As for alcoholism, many young adults get their first serious exposure to alcohol when they are in college. This is away from "adult" supervision of their parents, and having been denied it, they often will binge drink. Binge drinking leads to alcoholism more than non-binge drinking IIRC. Again, if they reversed the driving and drinking age limits, this would allow parents to have a bit more control over the attitudes and experiences towards alcohol, which would probably be a bit more responsible than a group of frat boys are ever likely to be.... and would probably result in a lower percentage of alcoholics.


----------



## CalypsoP35 (Jul 24, 2006)

*Drink, drank, drunk???*

Saturday I left my mooring at noon for a 4 hour sail to Martha's Vineyard with my 12 and 14 year old daughters both of whom can sail my boat. It was a glorious day, bright sunshine with a few clouds, 10 to 15 kt winds which would stay just forward of beam for the entire trip as forecasted. We powered out of our bay which takes about 1/2 hr until we raise our sails. A little after the sails went up and the engine was turned off we broke open the sandwiches. I had a beer with my sandwich which probably took me a full hour to consume. Yes, the last few sips were warm, but a decent beer can still taste good without being cold. (There are people who do not drink that cannot comprehend this concept.)

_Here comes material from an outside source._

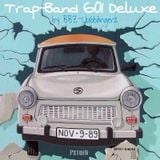 TRAP - BAND 601 DELUXE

I thoroughly enjoyed that beer, the freedom of being out on the water with my daughters enjoying a wonderful sail. Some people would have seen me drinking beer for an hour and presumed I was getting drunk. Some people would say I was irresponsible for drinking while boating. Some people would even say I was irresponsible for drinking in front of my daughters. Typically, these are people that either can't drink themselves without getting drunk, or just don't enjoy the drinking of an alcholic beverage, so they assume the only reason people drink is to get drunk.

On days I have more experienced crew, or no crew at all, I might have two or three beers (along with some water) during the course of a 4 to 5 five hour sail, with the last beer usually being at the mooring after my return while I'm watching the sunset.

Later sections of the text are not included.